Segment Start: EXERCISE DATA
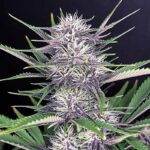 Banana Purple Punch Auto cannabis flower close-up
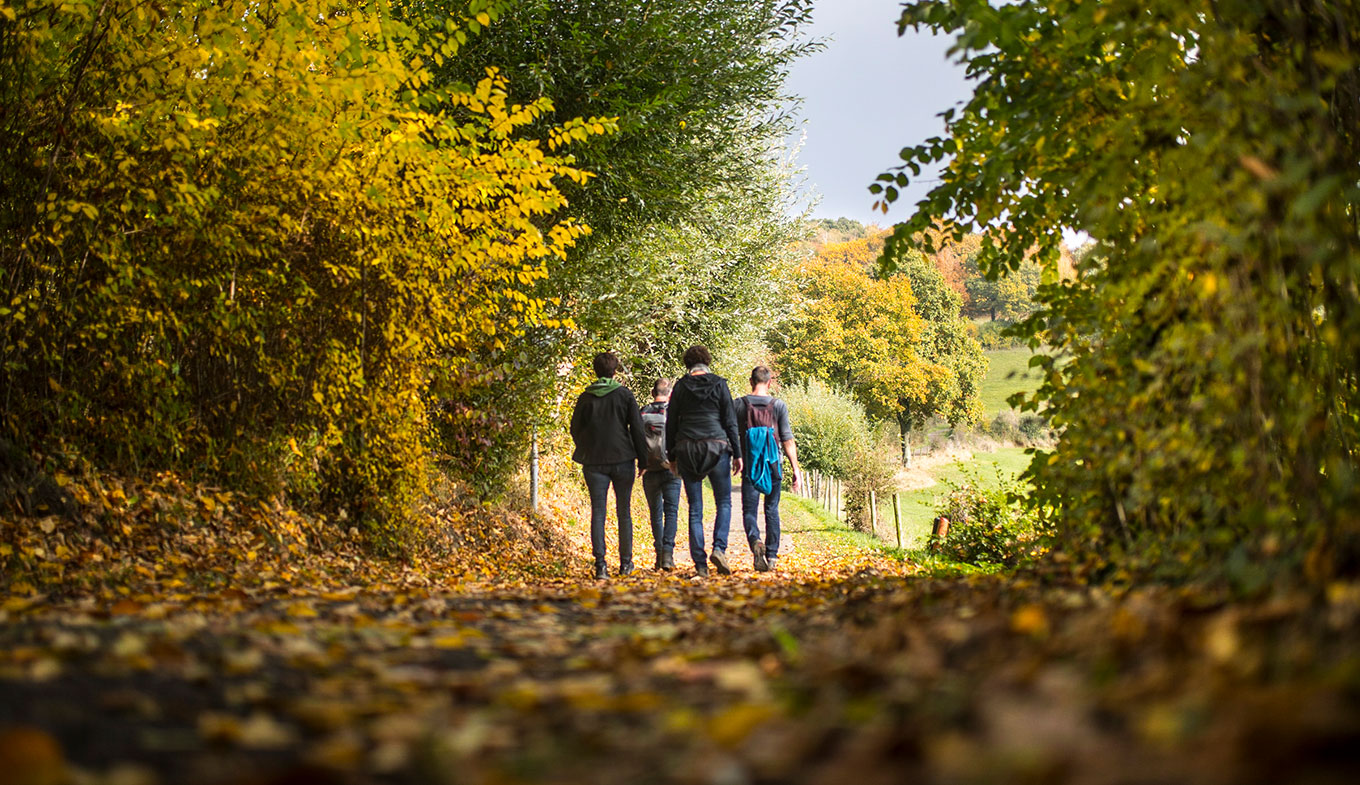 The best nature scenery in Netherlands - Holland.com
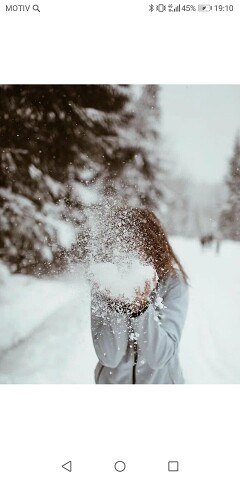 ���� ����, ������������, 44 ���� - ��������� 20 ������� 2023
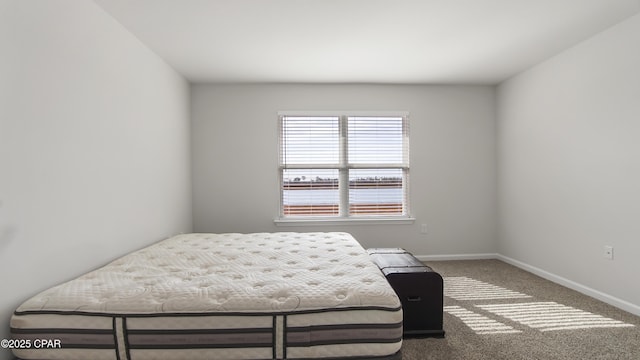 bedroom with carpet floors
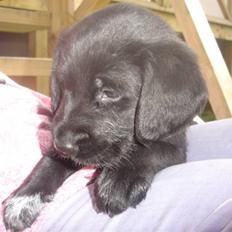 Labrador retriever Tinka (Snuske) SOLGT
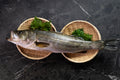 [Sashimi Grade] Suzuki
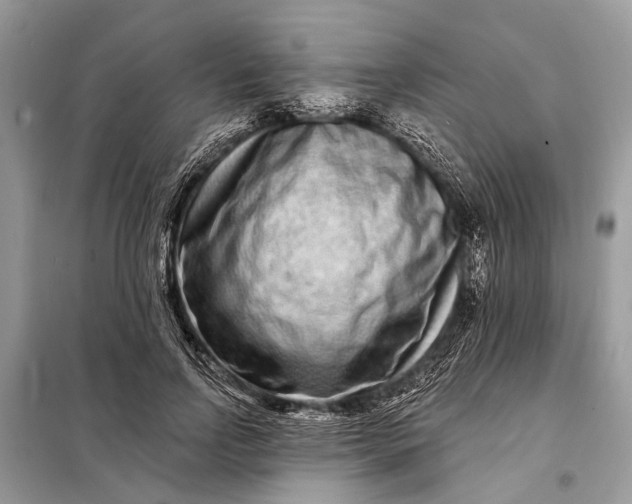 X0000098200742200805081111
Segment End: EXERCISE DATA
_TASK TO CARRY OUT_
In the copy, no picture may appear; the records themselves must be output exactly.

_ANSWER AREA_
 Banana Purple Punch Auto cannabis flower close-up
 The best nature scenery in Netherlands - Holland.com
 ���� ����, ������������, 44 ���� - ��������� 20 ������� 2023
 bedroom with carpet floors
 Labrador retriever Tinka (Snuske) SOLGT
 [Sashimi Grade] Suzuki
 X0000098200742200805081111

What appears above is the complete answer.